The scenario that I was aiming would be to receive events from somewhere, most likely a system of ours that need to inform clients of some sort of event. The clients would be registered within the system and each would have an endpoint URL to which the event needs to be send to. The event is to be sent to everyone. The best way to use it would be to inform all registered clients of new things on the system, or something like that. It's a broadcast type of event. Kind of like a newsletter.
- There are 2 tables.
events
andsubscribers
. - The subscribers were not embedded into the event.
- That could be an improvement, to have types of events and who is subscribed to it. But since this was just an exercise and event types were not described on the exercise I just assumed it would handle just 1 type of event and that it would be sent to all subscribers.
- There was no requirement establishing the order at which the events should be delivered, so that was not done.
- The table subscribers will be scanned every time an event needs to be published, since we need them to deliver the events to them. The table events contain only the events that failed to be delivered, so this table will be scanned every 1h to try and deliver the events. When they are delivered, the registers are removed. This was done in a way to not expand the table too much.
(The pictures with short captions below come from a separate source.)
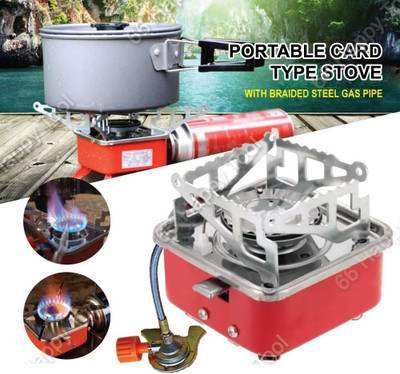 SHIVTRADRE Mini Gas Stove Outdoor Portable Square Gas Burner Camping Picnic Folding Stove Aluminium Manual Gas Stove(1 Burners)
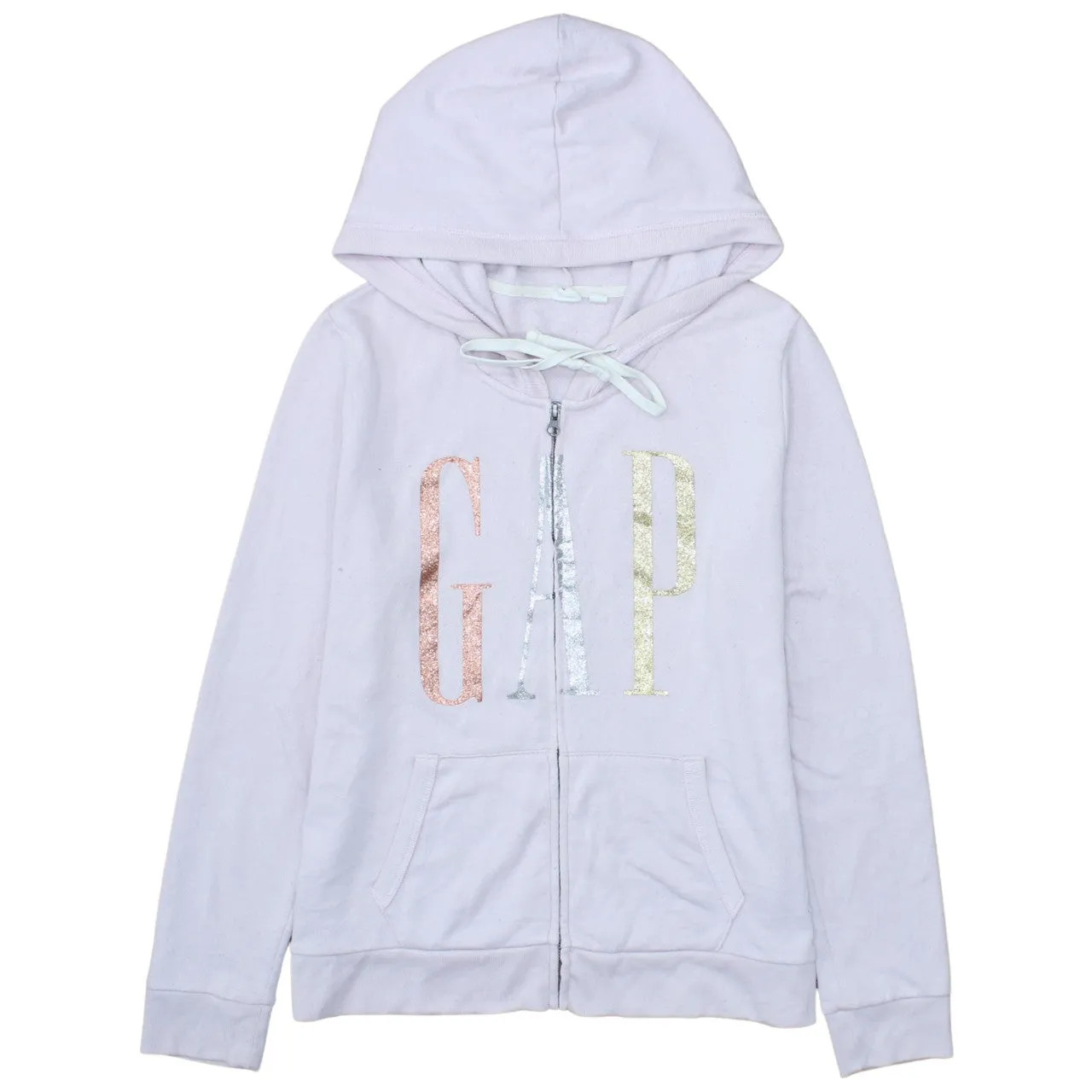 Gap Light Pink Hoodie Women’s Medium Zip Front Glitter Printed Logo Sweatshirt sold by Vintage Club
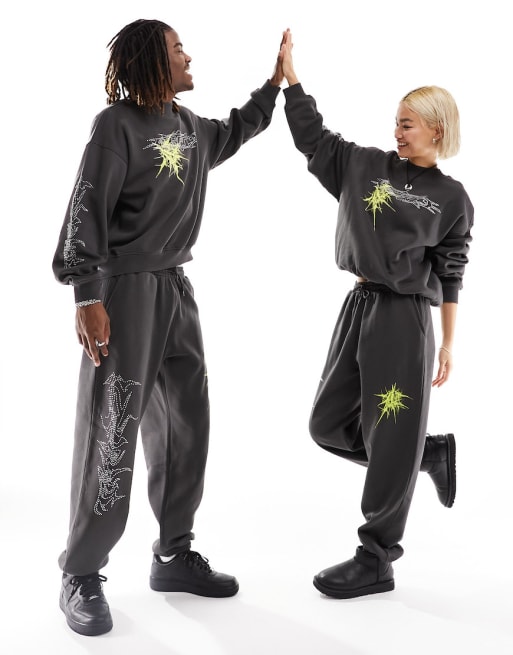 Weekday Unisex co-ord rhinestones and graphic print in charcoal exclusive to ASO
If it is needed, another table can be added to save all the events and if they were delivered or not, just for information purposes.
- Yes
-
If you do, could I suggest a couple of changes? Imagine your service is a broker for transactional messages on different topics, e.g. "fin:purchase", "user:new", "user:online". Those messages must be delivered in order by topic per subscriber. The events should be delivered with retry and backoff.
-
If you don't feel like taking the code further than the port to Node.js, can you explain what changes would be necessary to adapt to the above scenario? E.g. how would the table schemas need to change (if they do)?
-
Also, could you describe how you typically test/debug your lambda functions?
-
First replace the created_at column from String to number, and on it I would store the timestamp of the date-time at which the event was fired. This way I could use it to order the events and send it following the right order.
-
Then I would add another table to dynamoDB where I would store the types of events that are available (e.g. user:new). That table would also contain the list of subscribers that are subscribed to each type of event, this way I would only deliver the events to the subscribers that want it.
-
With the changes on the dynamoDB in place, in the codes instead of trying to deliver the event right when it arrives, it would first be stored in the table events, and older events would be tried to deliver again, before sending the new event. If a event fails for a subscriber, I would retry 3 times and back-off without trying any other event of that type for that subscriber, since it must follow order.
Those codes I'm sending I did not had the time to test, but usually I create test files to do unit-test using mock. But unit-test and mock can only point to coding errors. Even when the codes are good, it may still not behave as it should if the response from APIs and other things are different. So, I usually test it on an sandbox account on AWS. At least that was what I did when I worked with lambdas. Companies provided a sandbox account that I could use for testing.